Thursday, February 21, 2008

Stem Cell Research: Nebraska Politics: Lathrop for Nobel Prize

Dr. Sheryl Pitner, president of the Nebraska Coalition for Ethical Research, has submitted this column to the Omaha World-Herald.

Alert the Nobel Prize people to State Sen. Steve Lathrop, negotiator of a compromise bill on cloning and embryonic stem cell research in Nebraska. He dared to search for common ground between the two sides in this debate.

Our side wanted a complete ban on cloning as proposed in Legislative Bill 700. The other side was willing to consider a partial ban, but not LB 700.

I’m going to do something I hate doing – use the false distinction in cloning between “reproductive” and “therapeutic.”

There is one cloning procedure. It’s called somatic cell nuclear transfer. It produces embryos.

The reproductive/therapeutic distinction is made after cloning is accomplished and a new human embryo exists. Pro-cloners say it’s bad to let such embryos live (reproductive cloning), but it’s good to destroy them to harvest their stem cells for research (therapeutic cloning).

Sen. Lathrop wanted something accomplished on cloning, but he did not think LB 700 would pass. Society generally opposes reproductive cloning, Sen. Lathrop reasoned, but public opinion is split on therapeutic cloning, and that split is reflected in the Legislature. Perhaps a partial ban on therapeutic cloning would be achievable.

Sen. Lathrop offered a compromise bill with a total ban on reproductive cloning (including a criminal penalty) and a partial ban on therapeutic cloning (with no criminal penalty). The bill banned cloning for any purpose in public facilities, but left open the possibility of therapeutic cloning in the private sector.

Our side would prefer a total ban on therapeutic cloning, but “compromise” means you don’t get everything you want, and the obvious and immediate threat is in the public sector.

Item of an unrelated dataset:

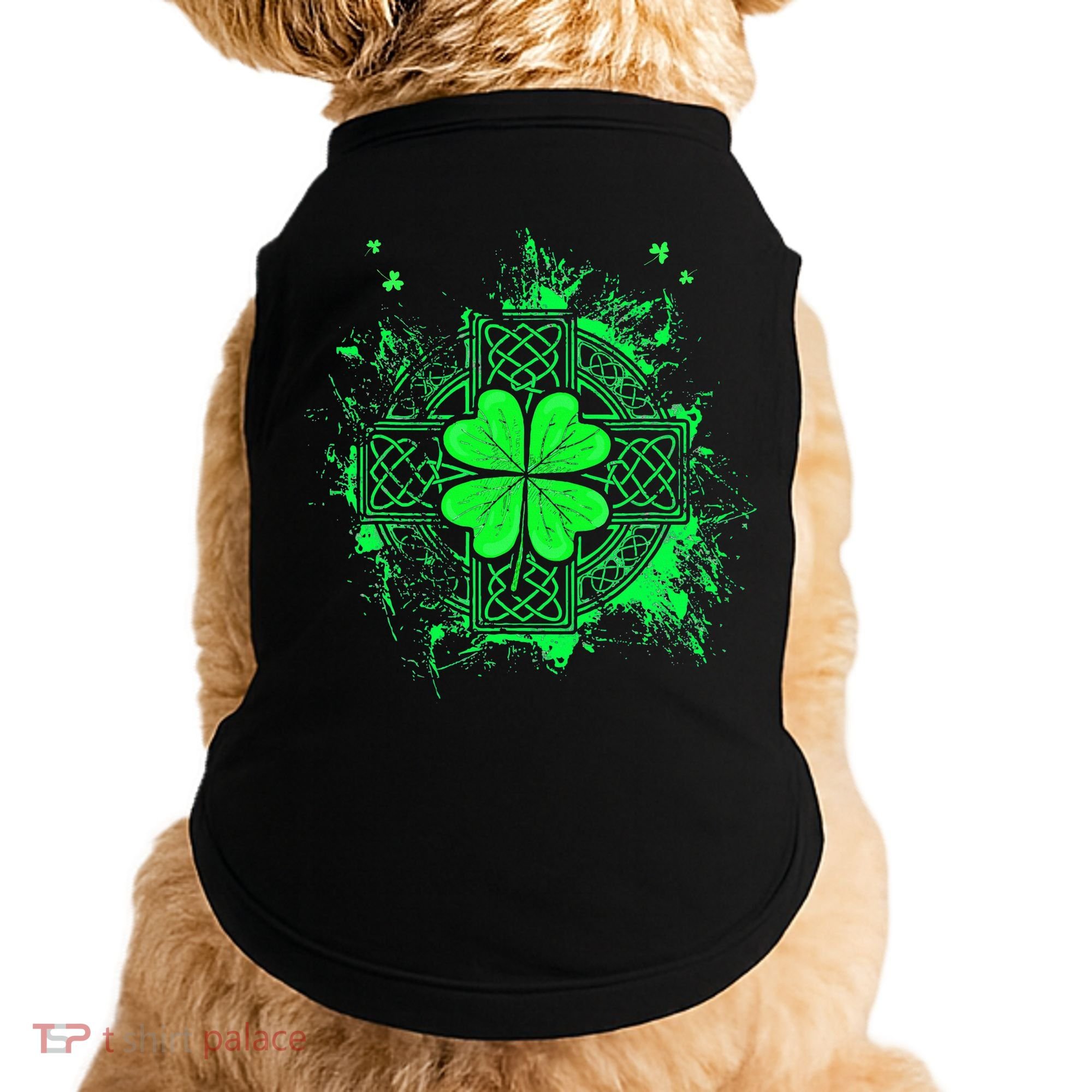 Celtic Knot Irish Shamrock Three Leaf Clover St Patricks Day Doggie Tank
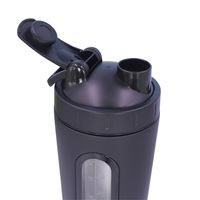 Bouteille de sport portable en acier inoxydable de 700 ml avec logo personnalisé et fenêtre transparente, shaker à protéines, mélangeur en plastique pour camping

The University of Nebraska Medical Center has emphasized cloning and its importance to embryonic stem cell research in legislative hearing testimony in 2005 and 2007, at a UNMC Mini Medical School for the public in 2006, and in a 2007 World-Herald Midlands Voices column about UNMC’s role in the cloned monkey project in Oregon.

Current University of Nebraska Board of Regents guidelines prohibit cloning and destruction of embryos for research at UNMC. Nationally, though, pro-cloners are pushing for therapeutic cloning. Missouri joined the movement in 2006. Iowa lifted a statutory ban last year.

So our side was willing to consider a partial ban on therapeutic cloning that would prohibit the procedure at the only institution in Nebraska known to possibly have the ability and desire to try it.

The sticking point in negotiations was the permissive treatment of therapeutic cloning (allowed in private sector and no criminal penalty for violation in public sector) compared to reproductive cloning (total ban plus criminal penalty). Pro-life groups could not support putting into state law the idea that letting cloned humans live is worse than destroying them for research.

The answer was to remove the ban on reproductive cloning, a major concession made by Sen. Lathrop despite his concern about narrowing the scope of the cloning ban.

Under the compromise bill, UNMC can continue doing research with certain embryonic stem cells subject to restrictions by the regents and federal guidelines, but cannot engage in cloning or destruction of embryos. The bill also directs funding to UNMC and Creighton University for non-embryonic stem cell research.

Meanwhile, UNMC can build on its nationally recognized success in adult stem cell research. It could pursue research on turning regular body cells into the equivalent of embryonic stem cells. It could benefit from proposed legislation promoting the banking of umbilical cord blood for adult stem cells.

State Sen. Brad Ashford, chairman of the legislative committee dealing with this issue, deserves credit for his behind-the-scenes efforts to keep the issue alive. State Sen. Mike Flood, speaker of the Legislature, monitored the situation from an appropriate distance, then applied his deal-making skills in crunch time to bring the compromise to fruition.

And let’s not forget State Sen. Mark Christensen, introducer of LB 700. It might have been safer politically, and more satisfying personally, to push ahead with LB 700 even if defeat was virtually certain. Instead, Sen. Christensen handled a difficult situation gracefully and helped make compromise possible.

Ethical concerns have been addressed while leaving the way clear for robust progress in stem cell research. Well done, legislators.

1 comment:

OmaSteak said...

Congratulations on an effective lobbying effort Chip. Now if you were just as effective lobbying the County Assessor to make public the exact calculations used to produce a home valuation. LOL!!!